RED WING, Minn. — About 100 Red Wing High School students, mostly white, staged a peaceful walk-out to protest the cancellation of a Black History Month event at which Minnesota Attorney General Keith Ellison was the scheduled guest. It was school Superintendent Bob Jaszczak who cancelled the Ellison event at the last minute. Jaszczak expressed concern that “significant disruption” might be triggered by Ellison, who is black. The walk-out was brief. The students paraded around the flagpole. Several placards proclaimed “Black Lives Matter.” Organizers with the school’s Black Student Union said they had no idea what it was that so worried Superintendent Jaszczak about what he called “a disruption.” Police said also said they hadn’t picked up any chatter about a disruption trough their sources.
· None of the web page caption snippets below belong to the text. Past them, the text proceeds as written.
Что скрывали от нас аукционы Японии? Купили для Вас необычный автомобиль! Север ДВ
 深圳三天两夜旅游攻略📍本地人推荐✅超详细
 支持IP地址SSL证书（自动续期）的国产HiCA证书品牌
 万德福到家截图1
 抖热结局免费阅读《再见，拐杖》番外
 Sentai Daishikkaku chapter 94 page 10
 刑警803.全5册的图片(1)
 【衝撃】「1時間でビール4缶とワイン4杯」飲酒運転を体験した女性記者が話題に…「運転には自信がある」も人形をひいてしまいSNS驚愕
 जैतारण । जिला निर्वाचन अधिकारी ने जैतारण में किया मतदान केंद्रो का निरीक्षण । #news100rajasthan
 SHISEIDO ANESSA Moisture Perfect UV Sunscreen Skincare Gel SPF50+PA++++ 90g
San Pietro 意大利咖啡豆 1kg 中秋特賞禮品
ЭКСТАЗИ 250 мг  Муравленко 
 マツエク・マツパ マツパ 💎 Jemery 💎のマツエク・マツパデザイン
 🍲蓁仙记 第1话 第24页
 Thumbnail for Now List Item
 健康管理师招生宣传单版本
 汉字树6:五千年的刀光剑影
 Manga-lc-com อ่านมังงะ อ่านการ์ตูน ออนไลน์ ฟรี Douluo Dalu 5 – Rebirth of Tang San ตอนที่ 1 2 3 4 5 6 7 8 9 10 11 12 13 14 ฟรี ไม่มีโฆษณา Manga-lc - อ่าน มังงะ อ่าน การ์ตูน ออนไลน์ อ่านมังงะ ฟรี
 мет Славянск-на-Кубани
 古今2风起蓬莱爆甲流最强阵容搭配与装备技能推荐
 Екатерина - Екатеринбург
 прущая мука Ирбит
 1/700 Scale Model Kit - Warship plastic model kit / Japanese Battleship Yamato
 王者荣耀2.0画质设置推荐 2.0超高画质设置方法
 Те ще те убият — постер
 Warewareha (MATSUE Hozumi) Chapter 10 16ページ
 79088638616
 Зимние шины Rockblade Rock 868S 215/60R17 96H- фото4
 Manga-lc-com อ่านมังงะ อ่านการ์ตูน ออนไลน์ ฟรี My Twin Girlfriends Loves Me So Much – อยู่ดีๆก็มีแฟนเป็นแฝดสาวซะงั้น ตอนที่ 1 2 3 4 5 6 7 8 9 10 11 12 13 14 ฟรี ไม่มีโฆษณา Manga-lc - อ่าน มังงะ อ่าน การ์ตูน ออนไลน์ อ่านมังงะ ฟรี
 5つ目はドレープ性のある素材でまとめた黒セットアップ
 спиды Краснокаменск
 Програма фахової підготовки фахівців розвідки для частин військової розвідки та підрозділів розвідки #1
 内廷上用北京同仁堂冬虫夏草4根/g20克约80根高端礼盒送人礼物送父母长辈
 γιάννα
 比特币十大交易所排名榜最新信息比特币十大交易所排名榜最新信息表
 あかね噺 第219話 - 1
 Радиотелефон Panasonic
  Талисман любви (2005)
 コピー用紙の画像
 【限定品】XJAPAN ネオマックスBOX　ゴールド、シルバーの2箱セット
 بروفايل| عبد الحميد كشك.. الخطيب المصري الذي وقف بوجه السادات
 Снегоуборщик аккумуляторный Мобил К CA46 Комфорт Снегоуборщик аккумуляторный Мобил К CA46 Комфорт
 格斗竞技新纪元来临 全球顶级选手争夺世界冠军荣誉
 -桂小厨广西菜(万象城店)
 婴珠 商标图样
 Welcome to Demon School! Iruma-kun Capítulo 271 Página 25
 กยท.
The walkout came the last day of February — the finale of Black History Month.  The observation has been around since 1926 although known then as Negro History Week. The students who organized yhe walk-out said they wanted to object to “a repeated set of acts committed against our student body” but were unspecific. Their online post: “We will take a moment tomorrow at 9:45 to honor Black History Month and fight for the change we want to see in our school.”  The walk-out, they aded, was”an act made to show support of Black students, staff, community and administration.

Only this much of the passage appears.